TOQUE DE MESTRE

Quem nunca colou em prova? Eu. É verdade, nunca colei em prova. Hoje não faria isso por questões morais, mas na minha infância e juventude as motivações eram outras. Não colava porque gostava de estudar, aliás, preciso corrigir, não é que eu gostasse de estudar, gostava mesmo era de aprender. Fascinava-me o conhecimento. Aprender algo novo sempre foi arrebatador para mim, por isso estudava. Consequentemente estava preparado para as provas e minhas notas eram sempre boas. Mas em meu período escolar sempre estive envolvido com cola. Descobri que era uma boa fonte de renda e de lanches. Passava a cola em troca de merenda, vendia cola por algumas moedas. Arriscava-me, mas até a sensação do perigo era atrativo na cabeça adolescente oscilando entre o proibido e o permitido.

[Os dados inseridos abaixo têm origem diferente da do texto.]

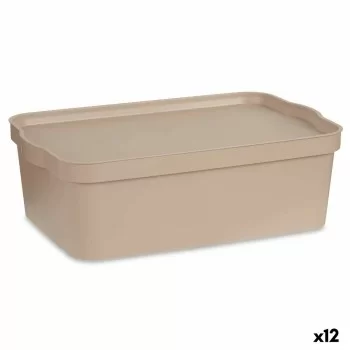 Storage Box with Lid Beige Plastic 14 L 29,5 x 14,5 x 45...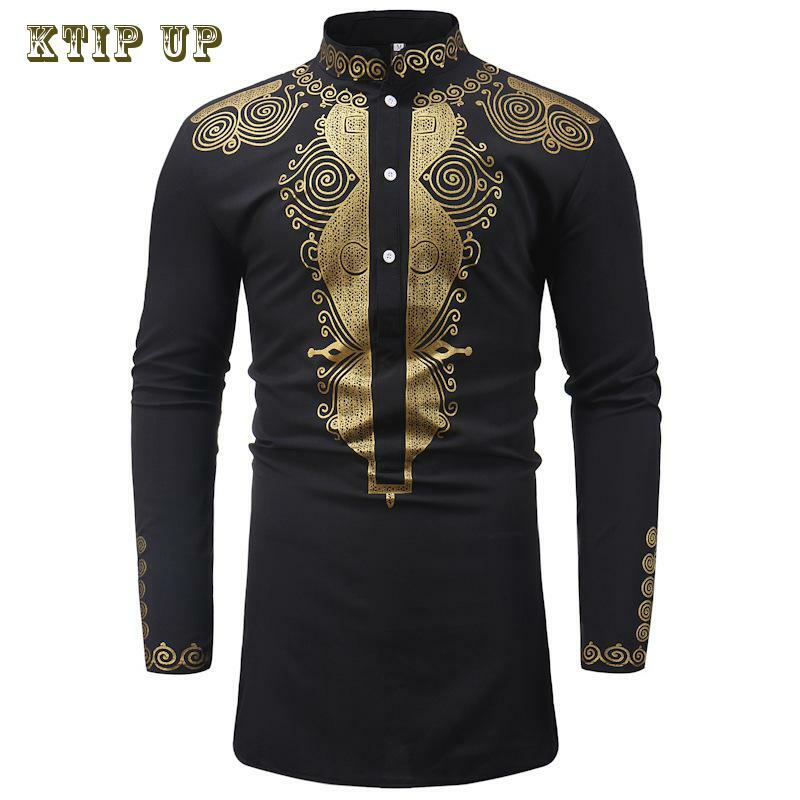 Africa Luxury Casual Islamic Arabic Abaya Robe Fashion Ethnic Print Stand Collar Youth Mid-length Shirt Coat Muslim Men Clothing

Em duas ocasiões fui flagrado passando cola. Na primeira eu não queria mesmo passar cola, pois o colega não me pagava, não era meu amigo e nem dividia a sua lancheira comigo e ainda era um menino chato pra dedéu. O colante não sabia nem colar. Era bandeiroso demais. Deveria ser inteligente pelo menos para colar. O professor tomou as duas provas, a minha e a dele. Como eu já havia terminado e o professor conhecia tanto a mim como a ele, ficou garantido o meu dez, o zero dele e um sermão constrangedor na aula seguinte.

A segunda vez foi mais interessante. Quando me transferi para a turma da noite no Liceu, pois tive que iniciar no mercado de trabalho aos quatorze anos, conheci um colega, que tinha idade de professor. Ele era radiotelegrafista da antiga RFFSA e me ensinou o código Morse para lhe passar cola nas provas. O Código Morse tem apenas dois sinais, então combinamos que seriam dois tipos de toque com a caneta sobre a prancheta escolar que usávamos na época, um na madeira e o outro no prendedor de metal, assim tínhamos dois sons bens distintos. Eu decorei todo o alfabeto e transmitia as mensagens devagar. Pouco entendia, mas ele entendia tudo rapidinho. Destarte, em toques, ia passando as respostas questão por questão. Ele pagava bem.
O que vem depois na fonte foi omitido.